NRIP3 Antibody

What is NRIP3 and what are its known cellular functions?

NRIP3, also known as C11orf14 or NY-SAR-105, is a 241 amino acid protein encoded by a gene located on human chromosome 11 . Recent studies have demonstrated that NRIP3 plays a critical role in protecting cells from DNA damage during replication stress . The protein has gained significant attention due to its upregulation in esophageal squamous cell carcinoma (ESCC) tumor tissues compared to non-tumor tissues, as confirmed by gene expression profiling from TCGA database .
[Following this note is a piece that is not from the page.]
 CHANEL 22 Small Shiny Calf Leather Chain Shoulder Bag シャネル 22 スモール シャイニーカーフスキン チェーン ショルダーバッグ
NRIP3 functions in a molecular pathway that involves its interaction with DDI1 (DNA-damage inducible 1 homolog 1) and RTF2 (replication termination factor 2) . Through these interactions, NRIP3 contributes to replication stress management, specifically by promoting the removal of RTF2, which is a key determinant for cellular ability to manage replication stress . Additionally, NRIP3 has been shown to increase DDI1 expression via the PPARα pathway, establishing what researchers refer to as the NRIP3-PPARα-DDI1-RTF2 axis .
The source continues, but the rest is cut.